| > Memory issues with tombstones. Marking as deletion has a cost of maintaining them throughout the session. That's not true, you don't need to keep them throughout the session. You can drop them as soon as you either synchronize with other clients or with the server, which can then synchronize with the clients, that's what conflict-free nature of CRDTs allows you to do. The only fundamental requirement is to keep track of changes when you are offline or out of sync until they are sent to others and even then you are supposed to merge those changes into fewer changes keeping disk and memory use down to a minimum. > CRDTs were perfect for plain strings and arbitrary key/value pairs. But when it comes to schematic JSON that has semantic value CRDT was an added overhead. Also not true. They were never perfect for plain strings, even incompatible semantically, but perfect for sets, counters, numbers, where basic commutative math is enough, a few other things and anything that combines those primitives into more complex ones, especially true for schematic structures, tables.

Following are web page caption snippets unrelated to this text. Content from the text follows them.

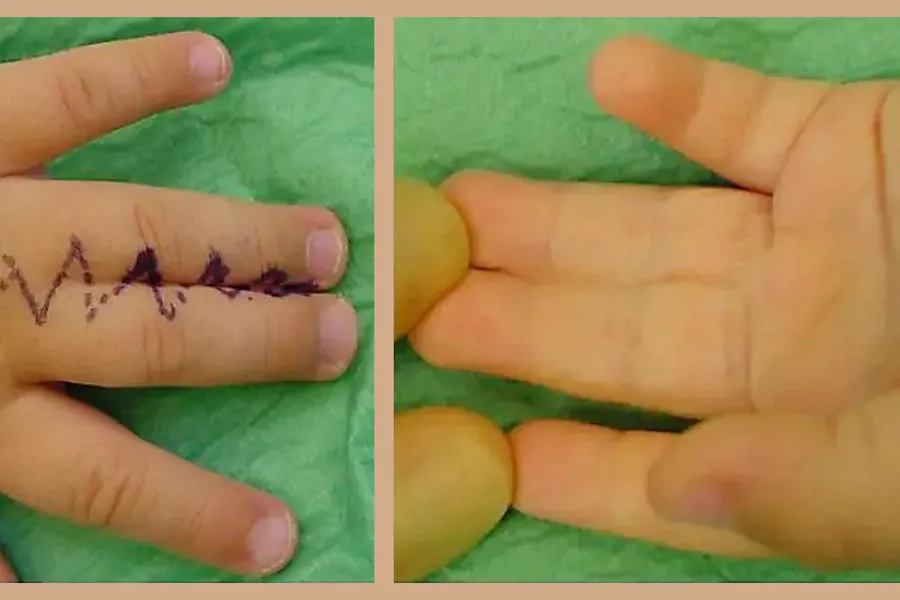 Bilde av to barnehender med sammenvoksning av fingre.
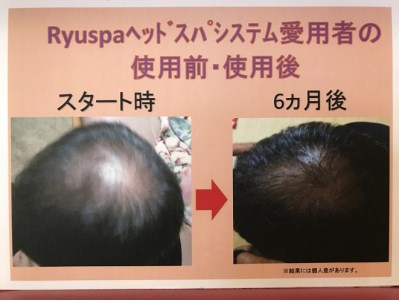 ポイントピュール 自宅でできるヘッドスパ 4点セット 沖縄県久米島町 ふるさと納税サイト ふるなび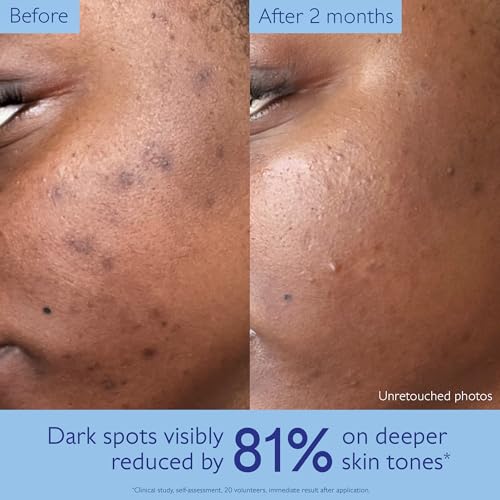 Caudalie Vinoperfect Brightening Dark Spot Serum Vitamin C - Product Imagery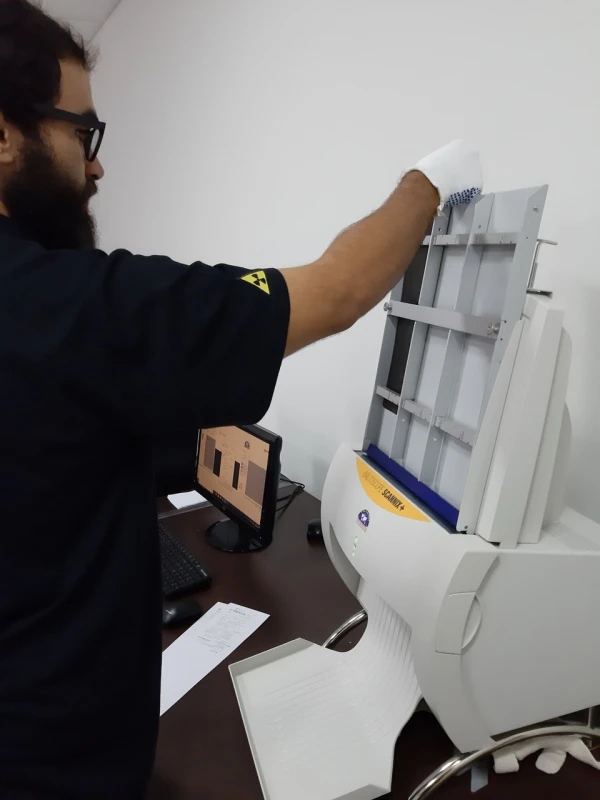 digitalização de filme radiográfico raio x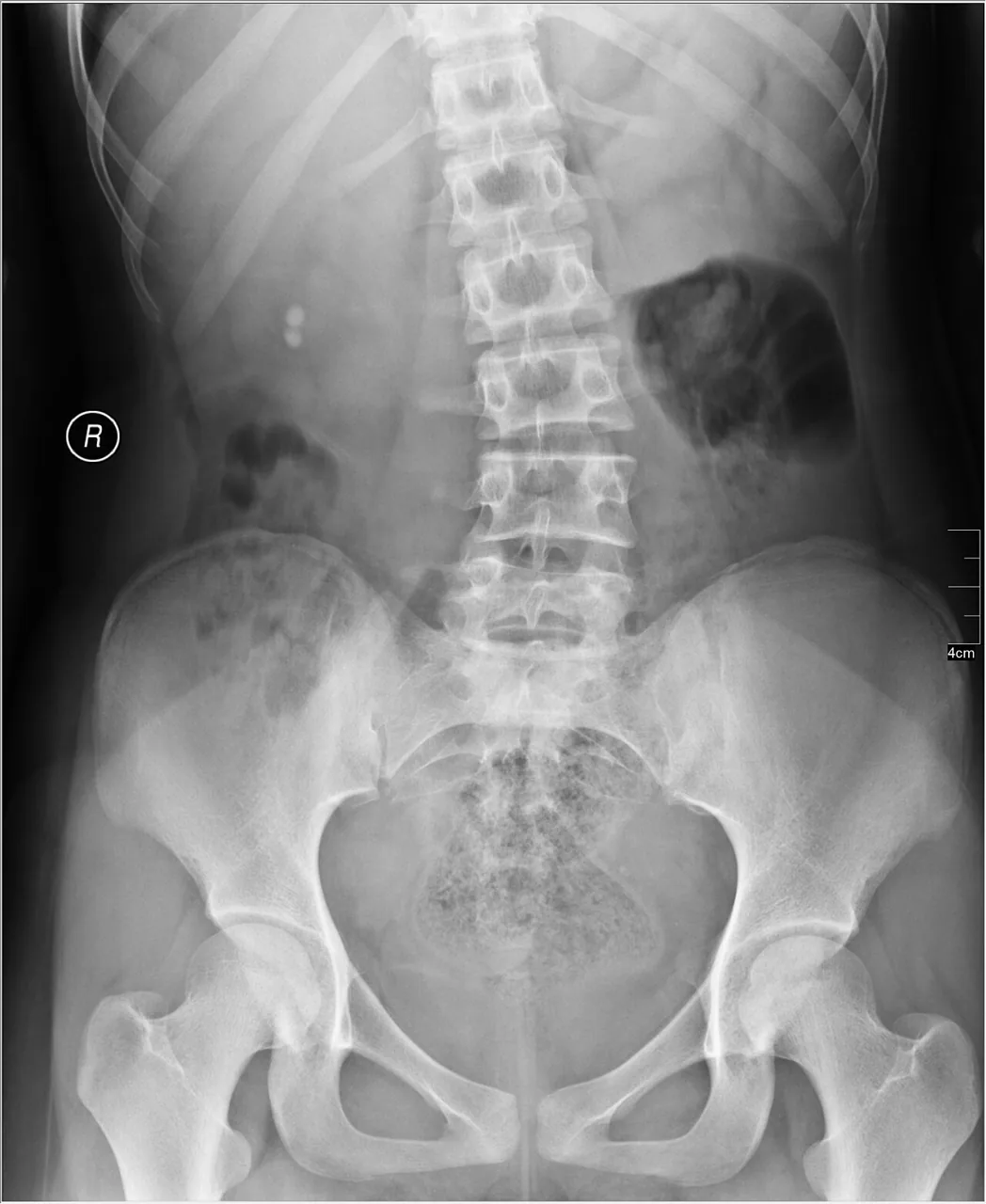 Abdomen radiograph for self-assessment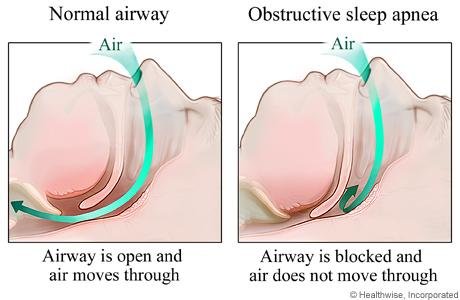 snoring-problems.jpg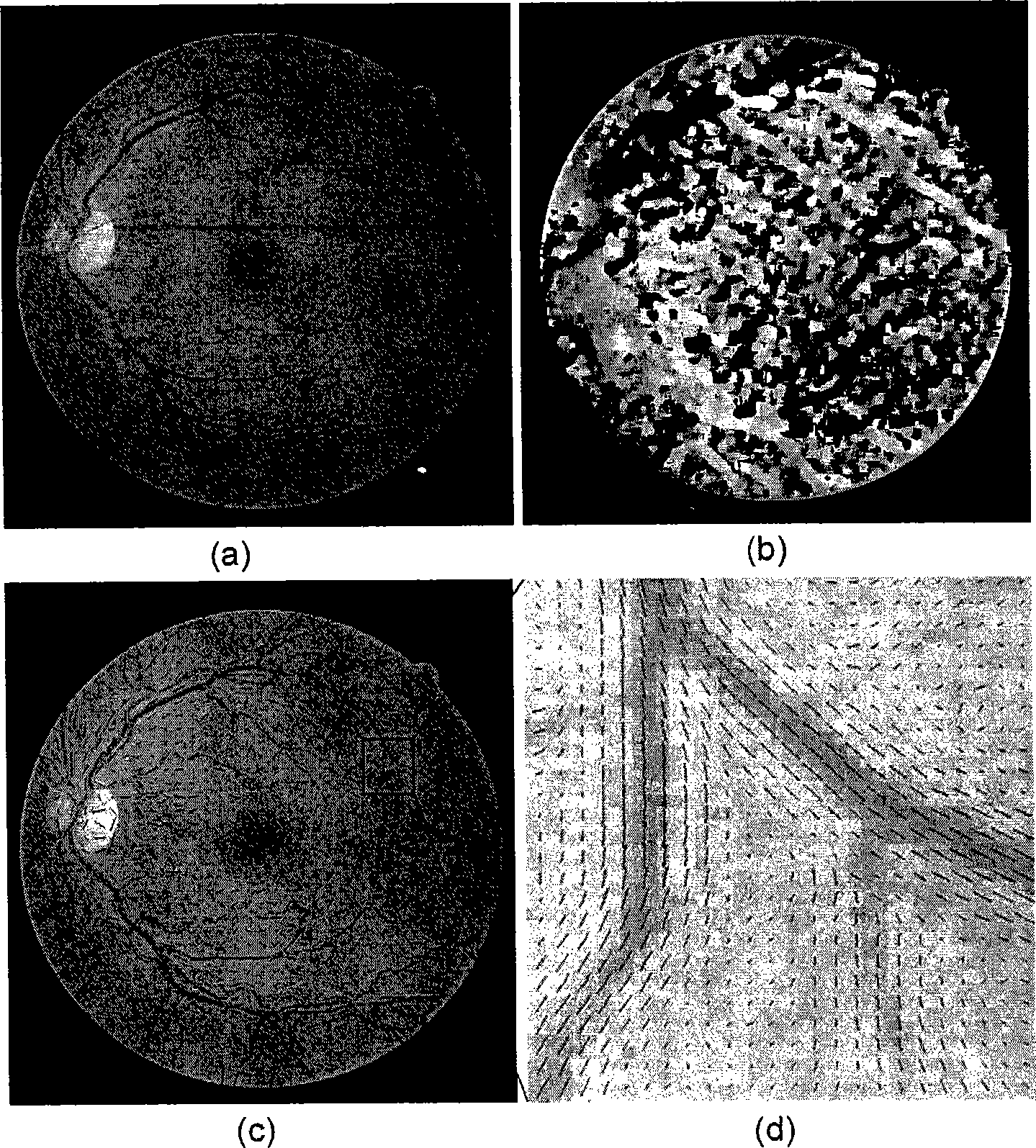 Method for enhancing blood vessels in retinal images based on the directional field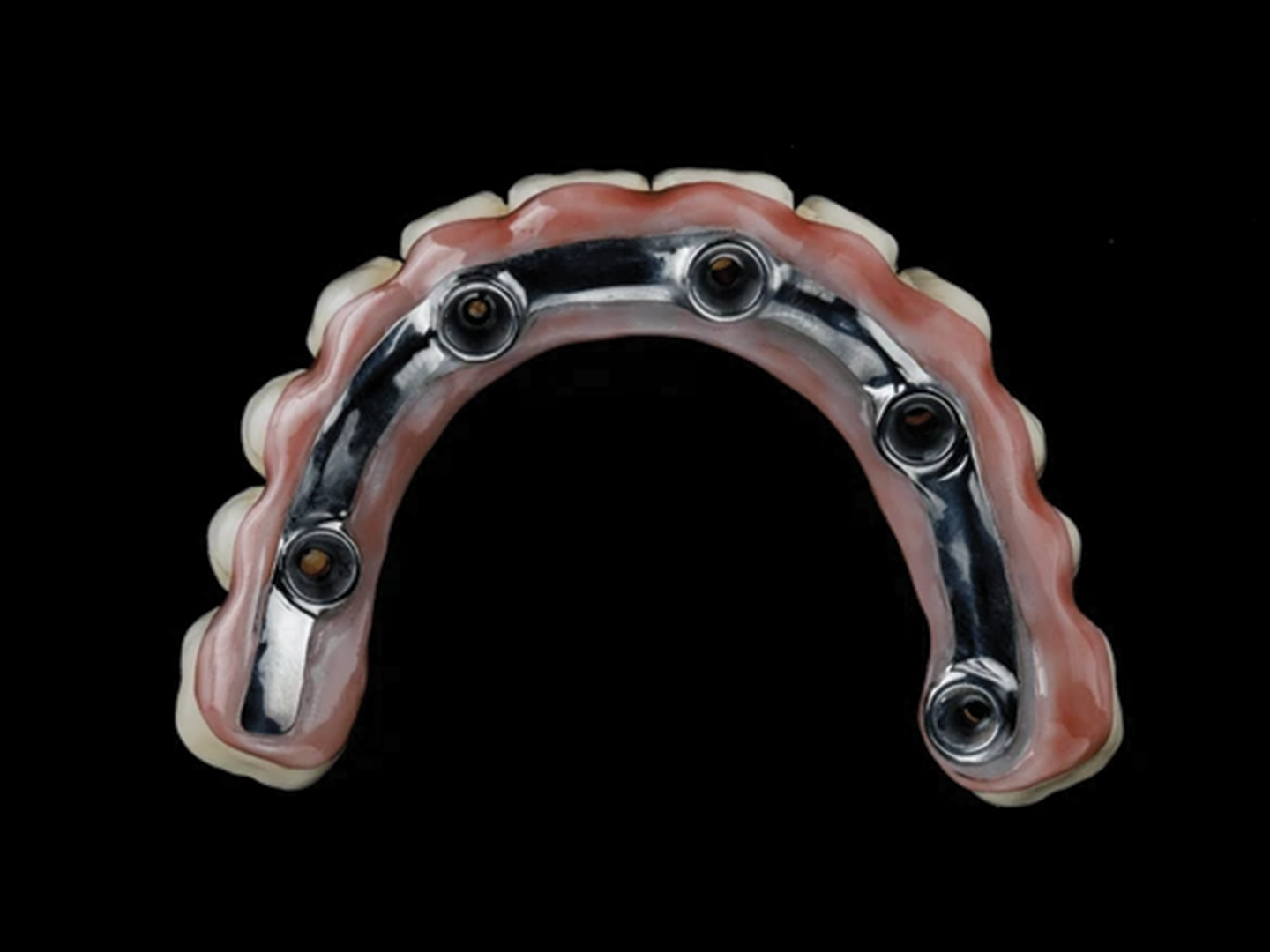 Prothèse en Zircone sur Barre en Titane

You should really try implementing CRDTs, especially OP-based, they change the way you think about keeping shared state in distributed systems. > Since the software is primarily a cloud document editor, a central server is necessary even otherwise. So why not use the server for efficient version management and operation sequencing as well? Why chose CRDTs whose bulk of complexity comes from eliminating the need of a central system? There is zero complexity in CRDTs that comes from eliminating the need of a central system, it's a completely different problem orthogonal to CRDTs. Central systems is where CRDTs are used the most actually. |
Say 100 nodes edit a doc. To drop a tombstone, without a central server we need 99 acks. Even with a server, the server keeps an ever-growing list of ops unless it uses some garbage collection techniques. And as stated by OP those techniques have their own problems. Remember, OP relies on V8's hidden classes for deriving an optimal representation without eliminating tombstones. Servers though need not necessarily hold CRDTs in JS. It might be a different VM altogether.
> anything that combines those primitives into more complex ones, especially true for schematic structures, tables.
I'm not implying CRDTs are only for simple structures. Automerge has support for tables too. I'm talking about structures with semantic meaning. In database tables the ops are always inserting/delete columns/rows and updating cells. In HTML tables, it extends into cell-merging, cell-splitting, inner tables and all sorts of valid operations. Merging these operations without inspecting the op and writing a custom modifier - will certainly end up in an invalid table structure.
> Central systems is where CRDTs are used the most actually.
I'm assuming the central system referred here is the database resilience systems using CRDTs to merge. Database syncing without master/slave is exactly the kind of problem best solved with CRDTs. The very point is to eliminate the need for a central point of failure.